Jednak szybko okazało się, że byłoby lepiej móc korzystać z

uniwersalnego pakietu komunikacyjnego, zapewniającego możliwość budowania systemów i aplikacji, używających specjalizowanych komponentów wielokrotnego użytku. Potrzeba ta doprowadziła do powstania idei obiektów rozproszonych.

Konsorcjum OMG

Konsorcjum Object Management Group (OMG) powstało w 1989 r. w celu rozwiązania problemu komunikacji obiektowej. Najbardziej czynnym uczestnikiem konsorcjum jest IBM, stąd też firma ta miała największy wpływ na kształt proponowanych rozwiązań. OMG nie jest organizacją ściśle standaryzującą, opracowujące specyfikacje, do których członkowie mają się stosować. Proponuje model działania oparty na standaryzowaniu już istniejących rozwiązań: uczestnik OMG prezentuje gotowy produkt, który jest poddawany ocenie, sygnalizowane są zmiany w celu dostosowania go do potrzeb i możliwości innych uczestników i w końcu idee w nim zawarte przyjmuje się jako standard przemysłowy (de facto). Proces jest więc długotrwały, a rozwiązania mają wyraźne piętno ich twórców.

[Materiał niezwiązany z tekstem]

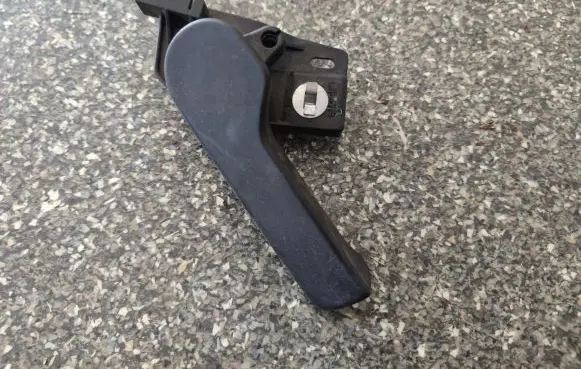 Volkswagen Golf IV Engine bonnet (hood) release handle 1J1823633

OMG nie tylko nie zatwierdza żadnych standardów, ale także nie wytwarza żadnych produktów. W konsorcjum CORBA uczestniczy ponad 600 firm, chociaż tylko niektóre z nich tak naprawdę intensywnie uczestniczą w działaniach. Aktywnie działa IBM, Oracle, Netscape i Sun; prawie wcale nie udziela się Microsoft, choć niektóre jego produkty oparte są na idei wypracowanej przez OMG. Ostatnio jednak można zaobserwować większą aktywność Microsoftu w działaniach OMG.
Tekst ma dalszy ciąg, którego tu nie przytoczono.